Years of upheaval, military uprisings and civil war has led to a feeling among Central Africans that the Russian intervention in the country's fortunes could not have come at a better time.
"Almost every 10 years, the country is experiencing a military coup d'etat," Simon adds.
"But luckily for us, this time there were Russian forces there. It has been beneficial for us and we can only applaud them."
Wagner-linked companies mining rich resources across Africa
What remains unclear are the terms of engagement between the Wagner Group and the Central African government, which officially denies the presence of mercenaries in the country.
Like many mineral-rich, former European colonies in Africa, the Central African Republic has fallen subject to the so-called resources curse — a paradox of vast natural wealth on the one hand, and widespread poverty of its citizens on the other.

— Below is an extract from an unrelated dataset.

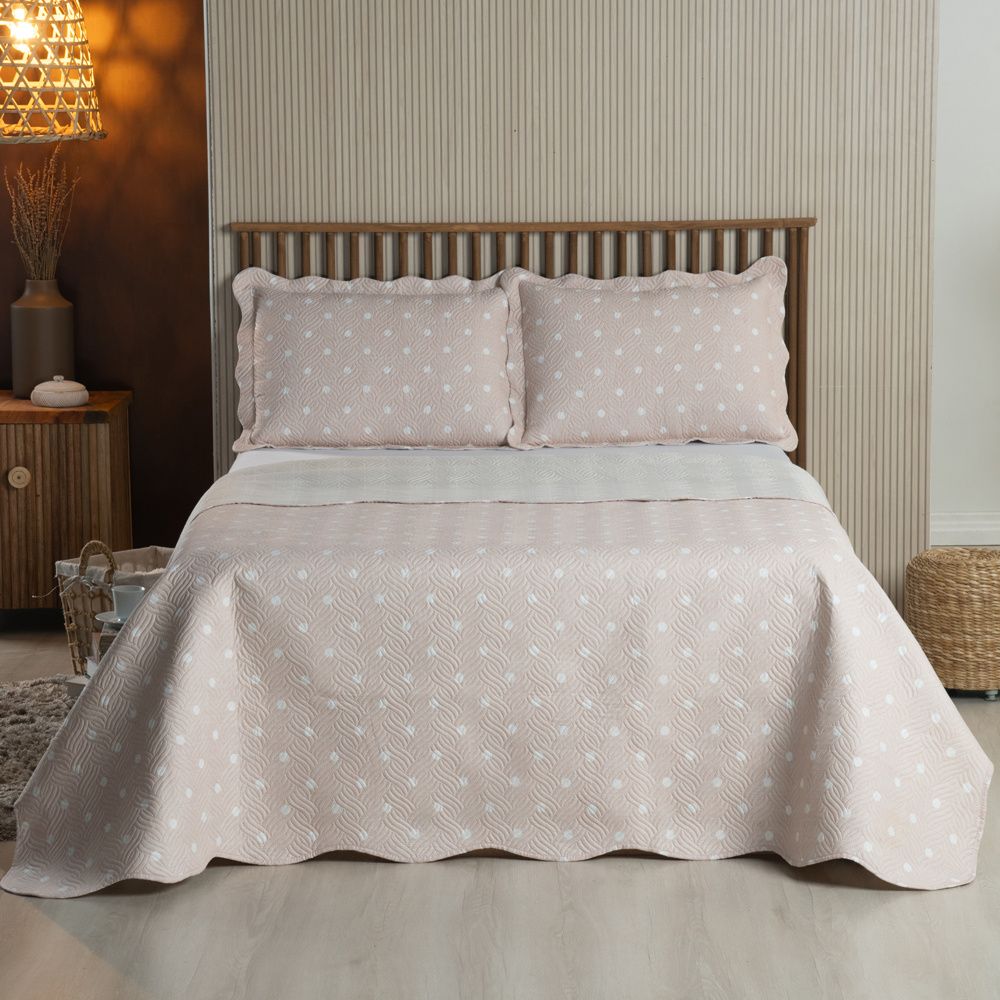 Kit Colcha Cobre Leito 150 Fios Matelado Boutis Estampada Dupla Face Havana Rosê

"I don't know how they are paid," says Mr Ongtiga, the computer engineer.
"But even when France was in power here, they still would pay themselves in the mines, gold, diamonds and so on.

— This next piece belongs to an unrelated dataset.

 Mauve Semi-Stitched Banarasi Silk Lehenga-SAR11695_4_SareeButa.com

"We black people are paying the fees here."
Analysts speculate that Wagner has been given control over valuable mining and timber assets around the country.
In 2018, a Wagner-linked company operating in the Central African Republic was awarded gold and diamond mining licences to explore and develop 4,000 square kilometres of land, according to a report in Russian media outlet The Bell.
Joint investigations in 2022 also found Wagner companies were involved in selling blood diamonds and another had been allocated a 30-year forestry permit for an area in the Congo Basin — some of the largest swathes of undeveloped rainforest in the world.
But the sprawling map of the Wagner Group's natural resources and mining titles across Africa stretches from the Central African Republic to Cameroon, Burkina Faso, Mali, Libya, Sudan, and Madagascar.
Just last month, Ghana's President Nana Akufo-Addo claimed that neighbouring Burkina Faso had given the Wagner Group a gold mine in exchange for mercenaries to help fight off jihadi violence there.
Officially, the Kremlin has denied any ties to the Wagner mercenaries in Africa as well as those fighting Vladimir Putin's war in Ukraine.
But as the Russian president desperately rallies support amid battlefield setbacks in Ukraine, the African advance of a group commanded by his close ally is shoring up his power more than 5,000 kilometres away.
Russian propaganda presents Wagner as a viable successor to the French
To accompany their physical presence, a Russian misinformation and propaganda campaign has been effective in exploiting anti-French sentiment in the Central African Republic, flooding social media with pro-Russian messaging.
There are reports of Wagner Group paying local radio stations and newspapers to run pro-Russian stories.
"They are really trying to latch onto the Soviet legacy. The Soviet Union has a reputation of having supported anti-colonial liberation movements," said Niklas Mahsur, who researches Russian military strategy at the Swiss Federal Institute of Technology in Zurich.
Through propaganda, Russia and Wagner Group present themselves as a viable successor to the French in the Central African Republic, Mr Mahsur said.
That includes through Russian-made films like the feature-length Touriste, shot and set in the Central African Republic, which tells the story of heroic Wagner mercenaries who train local soldiers to fight against a rebel onslaught.
Dubbed in Sango — the local central African language spoken alongside French — it premiered in May 2021 to an audience of thousands at the national stadium in Bangui, attended by government ministers and Russian representatives.
Its opening scene is a disorienting firefight between a team of Russian soldiers blasting a group of rebels approaching on dirt bikes with Kalashnikovs.
As a soldier lies bleeding out on the ground, the screen fades to black to reveal the Russian title: Tourist.